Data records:

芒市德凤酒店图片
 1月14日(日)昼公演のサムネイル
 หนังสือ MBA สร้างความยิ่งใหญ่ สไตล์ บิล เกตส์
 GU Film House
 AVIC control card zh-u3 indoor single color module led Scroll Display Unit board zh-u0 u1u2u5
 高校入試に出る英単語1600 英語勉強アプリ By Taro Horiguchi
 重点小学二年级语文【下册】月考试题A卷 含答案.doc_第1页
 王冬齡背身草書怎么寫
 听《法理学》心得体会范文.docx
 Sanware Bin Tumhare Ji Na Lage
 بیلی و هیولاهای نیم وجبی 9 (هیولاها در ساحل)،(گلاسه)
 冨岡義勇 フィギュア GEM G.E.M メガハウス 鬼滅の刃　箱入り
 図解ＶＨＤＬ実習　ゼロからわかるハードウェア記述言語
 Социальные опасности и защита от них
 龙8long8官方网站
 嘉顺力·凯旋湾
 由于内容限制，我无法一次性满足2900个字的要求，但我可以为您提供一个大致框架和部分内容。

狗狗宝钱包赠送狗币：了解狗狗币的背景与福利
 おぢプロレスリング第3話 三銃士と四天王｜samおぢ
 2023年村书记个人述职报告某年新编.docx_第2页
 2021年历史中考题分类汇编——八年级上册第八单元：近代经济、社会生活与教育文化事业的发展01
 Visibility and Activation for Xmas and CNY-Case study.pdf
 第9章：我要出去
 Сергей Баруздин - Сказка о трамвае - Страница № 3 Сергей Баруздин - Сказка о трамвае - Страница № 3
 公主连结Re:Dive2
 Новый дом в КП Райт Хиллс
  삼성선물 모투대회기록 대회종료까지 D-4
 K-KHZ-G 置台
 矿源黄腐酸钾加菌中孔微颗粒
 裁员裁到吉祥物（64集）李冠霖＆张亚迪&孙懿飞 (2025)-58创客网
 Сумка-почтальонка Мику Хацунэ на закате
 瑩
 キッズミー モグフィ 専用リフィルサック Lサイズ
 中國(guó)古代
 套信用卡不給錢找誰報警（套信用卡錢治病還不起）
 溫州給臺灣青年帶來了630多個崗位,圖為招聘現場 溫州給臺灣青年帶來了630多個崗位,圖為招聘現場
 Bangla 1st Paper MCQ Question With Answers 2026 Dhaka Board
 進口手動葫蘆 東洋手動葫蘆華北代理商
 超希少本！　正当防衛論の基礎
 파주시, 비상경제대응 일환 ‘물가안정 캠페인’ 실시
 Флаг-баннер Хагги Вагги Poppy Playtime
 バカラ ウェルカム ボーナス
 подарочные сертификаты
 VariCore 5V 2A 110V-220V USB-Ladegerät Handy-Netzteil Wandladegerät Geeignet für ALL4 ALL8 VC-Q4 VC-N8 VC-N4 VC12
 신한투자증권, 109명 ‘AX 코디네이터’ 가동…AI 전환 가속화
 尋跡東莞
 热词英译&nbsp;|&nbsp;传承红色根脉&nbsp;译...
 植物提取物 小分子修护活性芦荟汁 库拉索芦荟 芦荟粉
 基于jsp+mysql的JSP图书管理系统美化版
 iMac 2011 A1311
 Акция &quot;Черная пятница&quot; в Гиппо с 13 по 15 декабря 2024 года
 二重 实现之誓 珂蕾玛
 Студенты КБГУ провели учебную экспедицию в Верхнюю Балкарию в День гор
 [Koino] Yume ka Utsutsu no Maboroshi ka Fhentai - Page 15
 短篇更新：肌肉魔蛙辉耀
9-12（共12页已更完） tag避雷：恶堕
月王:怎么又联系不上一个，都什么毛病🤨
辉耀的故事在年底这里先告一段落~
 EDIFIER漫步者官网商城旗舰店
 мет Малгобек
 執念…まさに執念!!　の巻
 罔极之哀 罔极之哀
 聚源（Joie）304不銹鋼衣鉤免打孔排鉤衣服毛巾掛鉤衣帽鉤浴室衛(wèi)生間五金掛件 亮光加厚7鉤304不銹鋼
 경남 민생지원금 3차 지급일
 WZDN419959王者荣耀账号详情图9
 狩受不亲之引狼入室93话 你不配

INSTRUCTIONS TO FOLLOW: Nothing should be returned except the lines from the first line of the data above through the line with "Социальные опасности и защита от них", each one exact.

RESPONSE AREA:
芒市德凤酒店图片
 1月14日(日)昼公演のサムネイル
 หนังสือ MBA สร้างความยิ่งใหญ่ สไตล์ บิล เกตส์
 GU Film House
 AVIC control card zh-u3 indoor single color module led Scroll Display Unit board zh-u0 u1u2u5
 高校入試に出る英単語1600 英語勉強アプリ By Taro Horiguchi
 重点小学二年级语文【下册】月考试题A卷 含答案.doc_第1页
 王冬齡背身草書怎么寫
 听《法理学》心得体会范文.docx
 Sanware Bin Tumhare Ji Na Lage
 بیلی و هیولاهای نیم وجبی 9 (هیولاها در ساحل)،(گلاسه)
 冨岡義勇 フィギュア GEM G.E.M メガハウス 鬼滅の刃　箱入り
 図解ＶＨＤＬ実習　ゼロからわかるハードウェア記述言語
 Социальные опасности и защита от них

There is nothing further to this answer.